He sido testigo directo de dos hechos que me han dejado seriamente preocupado y me mueven a realizar estas reflexiones.
En el primer caso, desarrollado en la oficina comarcal de una Consejería, un ciudadano, que se había desplazado desde su lugar de residencia, situado a veinticinco kilómetros, se persona a las diez horas en la oficina en cuestión al objeto de presentar un escrito en el registro en un procedimiento cuyo plazo finalizaba precisamente ese mismo día.
En la oficina que nos ocupa se encontraba solamente una funcionaria y no había ningún administrado excepto el protagonista de nuestra historia.
Cuando el ciudadano le pide a la funcionaria que le registre el escrito que portaba, esta le contesta que tiene que pedir cita previa. Al ser advertida de que era el último día del plazo, le dice que, aun así, debe pedirla y que tratará de dársela a lo largo de la mañana.
Efectuada la llamada telefónica al número facilitado, se le convoca para las doce horas y treinta minutos de ese mismo día. Dos horas y media de espera sin justificación alguna. Repetimos que en las dependencias públicas no había nadie y que registrar un escrito es tarea que consume medio minuto.
El segundo episodio se desarrolló en el registro general de la Administración autonómica: un contribuyente, que había pedido cita previa, se retrasa cinco minutos sobre el horario previsto y es obligado a solicitar nueva cita que se le da para dos días más tarde.
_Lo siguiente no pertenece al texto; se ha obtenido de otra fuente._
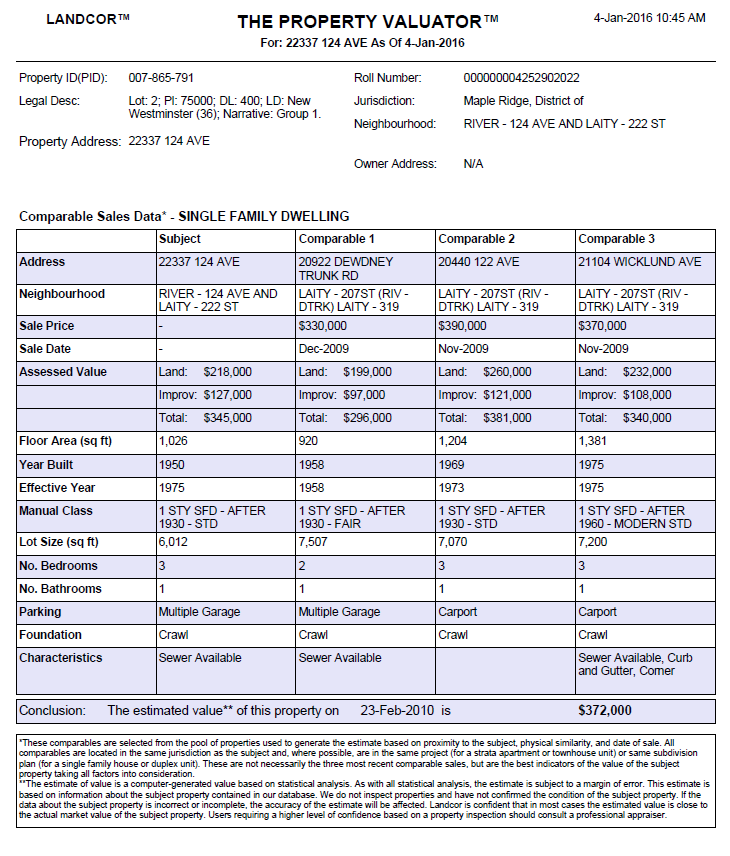 Our Products  Landcor Data Corporation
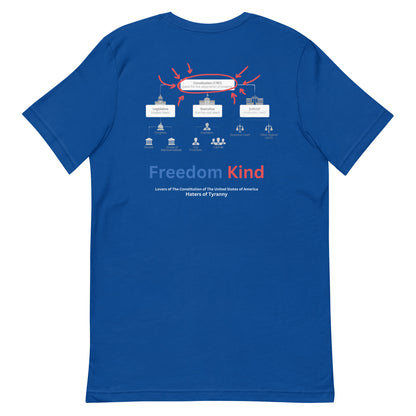 Lovers of The Constitution of The United States of America | Men's T-Shirt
En este caso no había problemas de plazo.
Dos problemas planean sobre esta práctica perversa.
Primero, de legalidad: el administrado pierde la competencia sobre los plazos que, hasta ahora, controlaba.
Segundo, práctico: se fomenta la vagancia consustancial a un buen número de funcionarios que no solo han hecho de la función pública su medio de vida (finalidad legítima), sino que ven al administrado no como el cliente que les paga a través de sus impuestos, sino como una molestia, como un incordio.
Estos funcionarios, que son la auténtica lacra del servicio público, secuencian y planifican su trabajo en intervalos horarios convenientes a sus particulares intereses, y en modo alguno están dispuestos a que nadie los perturbe, negándose de plano a flexibilizar sus pautas de actuación para acomodarlas a las necesidades de los administrados.
Lo dije en otras ocasiones: debemos reflexionar sobre el alcance de la inamovilidad; estamos alimentando el pasotismo y el desinterés.
La burocracia cada vez se parece más a una maquinaria gigantesca manejada por pigmeos sin ganas de trabajar.